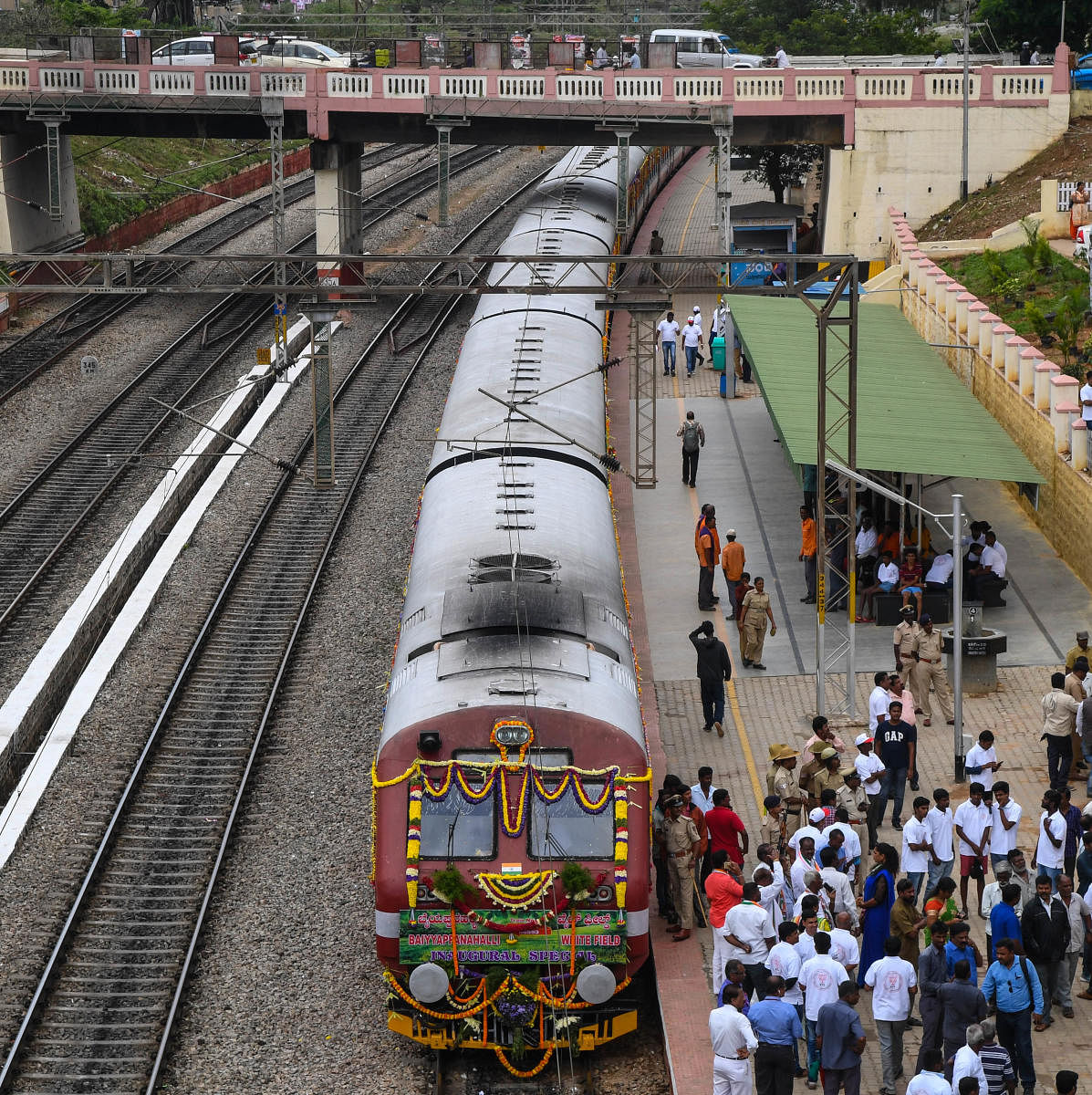 A DEMU train leaves the Baiyappanahalli railway station in Bengaluru. DH FILE PHOTO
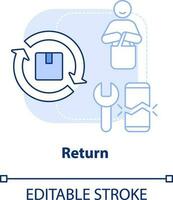 Return light blue concept icon. Reverse logistics. Supply chain management component abstract idea thin line illustration. Isolated outline drawing. Editable stroke vector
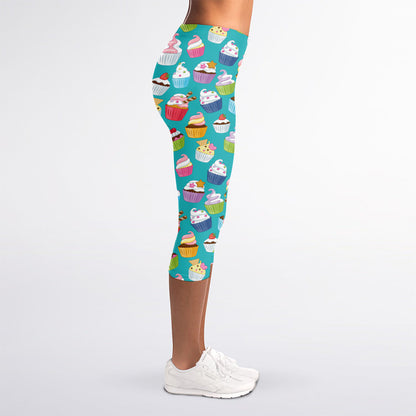 Cartoon Cupcake Pattern Print Women's Capri Leggings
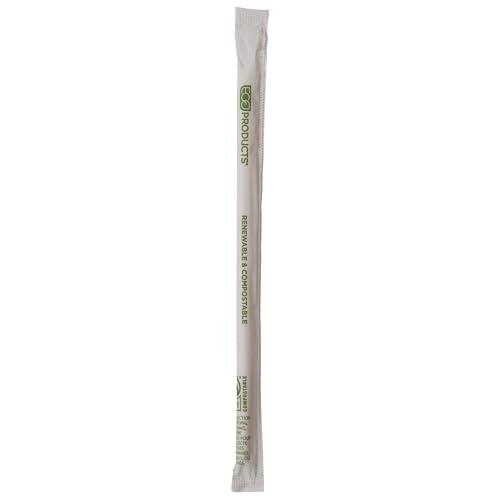 ECO PRODUCTS Eco-Products Compostable Plastic Straws, 10.25\" Long, 7mm Diameter, Case of 1250, Natural White Wrapped Disposable Plant Based PHA Plastic, Standard Sized Drinking Straw, ASTM Compliant, BPI-Certified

____________________

EXERCISE OBJECTIVE:
Take the lines from the start of the listing above through the line with "Return light blue", both ends included, and copy them exactly, leaving the pictures behind.

WORKED SOLUTION:
 A DEMU train leaves the Baiyappanahalli railway station in Bengaluru. DH FILE PHOTO
 Return light blue concept icon. Reverse logistics. Supply chain management component abstract idea thin line illustration. Isolated outline drawing. Editable stroke vector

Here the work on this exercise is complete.